Dhokla From Idli Batter Recipe
This recipe of 'dhokla' is ideal to make if there is any leftover 'idli' batter and you are tired of making 'idlis'. The result is white 'dhokla' that tastes awesome with either Coriander Chutney or with the South Indian Chutney. Serve warm or at room temperature. Both ways, it tastes very good.
- Idli batter - 2 cups
- Gram flour (Besan) - 2 tbsp
- Ginger - 1 tsp, grated
- Green chilies - 2, finely crushed
- Salt - To taste
- Bicarbonate of soda - 1/2 tsp
- Oil - 2 tsp
- Rai (small sized mustard seeds) - 3/4 tsp
- Aasafoetida (Hing) - 1/4 tsp
- Sesame seeds - 1 tsp
- For 2 cups of idli batter, add 2 tbsp gram flour and mix well.
- Cover and keep overnight in a warm place for fermentation.
- Next morning, the batter would have risen a bit.
- Add grated ginger, crushed green chilies, and salt (remember that the left over idli batter already has some salt).
- Add sodium bicarbonate and whisk nicely with a spoon for 1-2 minutes.
- Transfer to a flat bottom pot that has been lightly greased with some oil, and can fit inside a pressure cooker.
- Cook in a pressure cooker for 15 minutes, on high heat, without keeping the pressure or the whistle.

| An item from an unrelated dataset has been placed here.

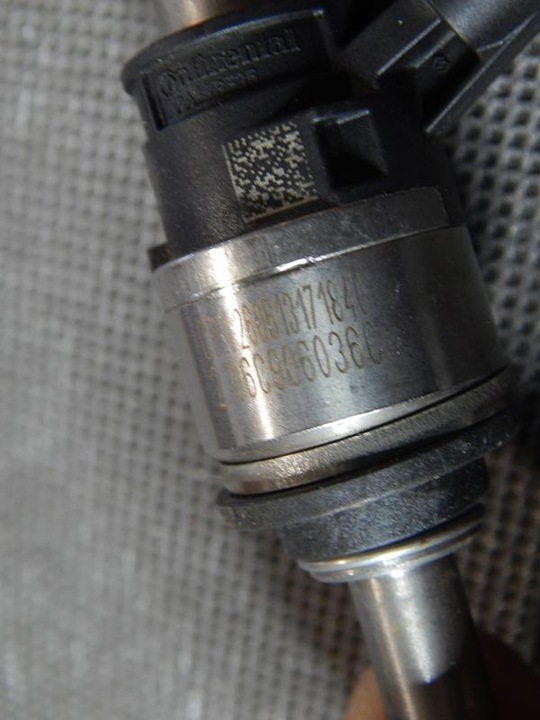 AUDI A8 D4 4H NOZZLE NOZZLE 06C906036C photo 4 - milautoparts-fr.ukrlive.com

Remember to start the timer only after a steady jet of steam starts coming out of the pressure cooker.
- After 15 minutes, turn off the heat, wait for a few minutes, and then open the lid.
- Remove the dhokla and allow to cool completely.
- In a pan, heat 2 tsp oil and add 'rai'.
- After the 'rai' stops spluttering, reduce the heat to low and add asafoetida, and sesame seeds.
- Stir fry till the sesame seeds become light brown in color.
- Add 3 tbsp of water and bring to boil.
- Add little salt, just for the water added above, and turn off the heat.
- Allow this seasoning to cool completely.
- Use a knife to release the dhokla from the edges of the pot and then cut into small cubes.
- Add the cooled seasoning from step 13, all over the surface of cut dhokla. Allow to sit for 5 minutes.
- Carefully remove all the cubes on to another plate.
- The delicious 'dhokla' from 'idli' batter is ready to serve.
- Serve with Coriander Chutney or South Indian Chutney.